L'industrie de l'aluminium, avec un chiffre d'affaires de 22 milliards d'euros et 60 000 employés, dépend du gaz pour la fusion et le recyclage.

Dans l'industrie du papier, avec un chiffre d'affaires de 15,5 milliards d'euros et 40 000 employés, les opérateurs disent que le papier et le carton sont vitaux pour les aliments, les médicaments et les articles d'hygiène.

QUE FONT LES ENTREPRISES ?

Uniper, le plus grand importateur de gaz d'Allemagne, a demandé au gouvernement un renflouement qui, selon une source politique, s'élève à 9 milliards d'euros, et d'autres services publics pourraient être confrontés à des problèmes similaires.

Le grand sidérurgiste Thyssenkrupp élabore des plans pour des perturbations, selon un porte-parole, car il n'est pas possible d'utiliser du pétrole ou du charbon à la place du gaz. Si certaines allocations minimales sont refusées, les usines de Thyssenkrupp pourraient devoir fermer et des dommages techniques aux agrégats sont possibles.

La réduction de l'approvisionnement en gaz des usines d'aluminium, même de 30 %, signifierait que la moitié d'entre elles resteraient à l'arrêt, selon le groupe industriel Aluminium Deutschland.
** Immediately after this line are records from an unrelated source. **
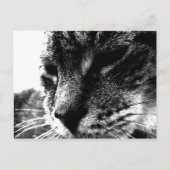 Ghost Cat Briefkaart (Voorkant)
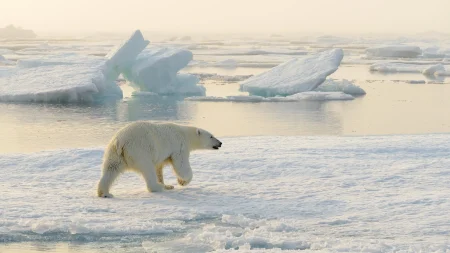 polar bear on melting ice and snow svalbard norway.webp
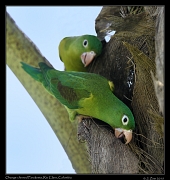  Orange-chinned Parakeets, Rio Claro Reserve � Janet Zinn 2015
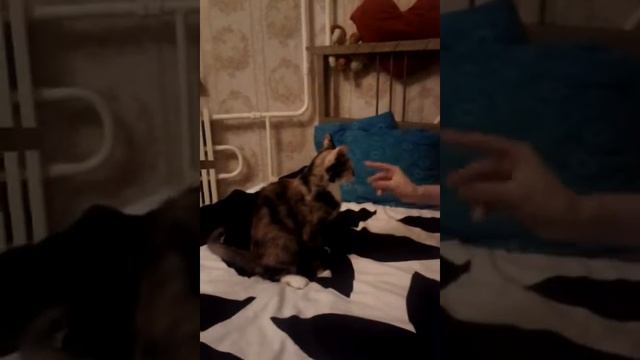 Маленький охотник смотреть онлайн
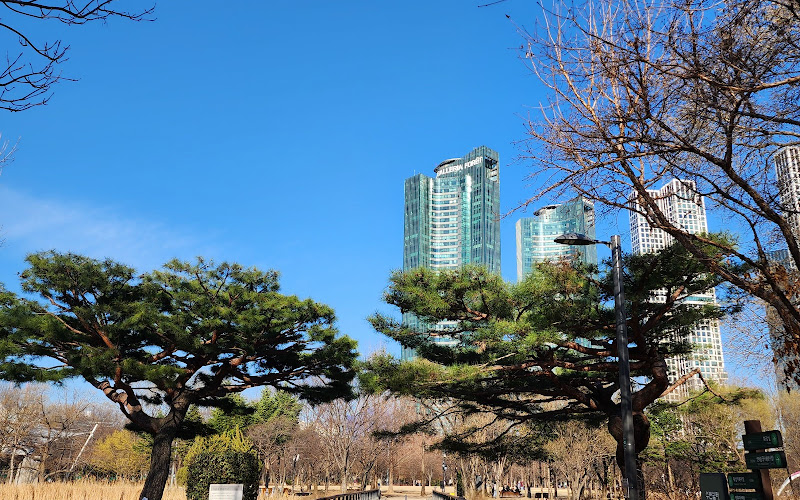 Seoul Forest - Splash Fountain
Les principaux acteurs sont Hydro Aluminium, Speira et Trimet.

Le géant de la chimie BASF doit maintenir des approvisionnements en gaz correspondant à environ 50 % de sa demande maximale et un arrêt des flux russes déclencherait un plan d'urgence à l'échelle de l'entreprise.

Les principales entreprises de papier sont Stora Enso, UPM et Mitsubishi Hitec Paper Europe.

QUE POURRAIT-IL ARRIVER À L'ÉCONOMIE ?

Dans la prédiction la plus sombre à ce jour, le groupe industriel bavarois vbw a déclaré que le pays pourrait perdre 12,7 % de sa performance économique au second semestre 2022 en cas d'arrêt complet des approvisionnements en gaz russe.

QUELS SONT LES RISQUES SOCIOPOLITIQUES ?

Les querelles sociales sur le gaz pourraient donner un coup de pouce aux populistes de l'extrême droite et de l'extrême gauche de l'échiquier politique, érodant potentiellement le discours rationnel sur la façon de procéder.

Berlin a approuvé une loi qui laisse ouverte l'option de répercuter directement les prix élevés ou de chercher à répartir plus généralement les hausses entre les utilisateurs.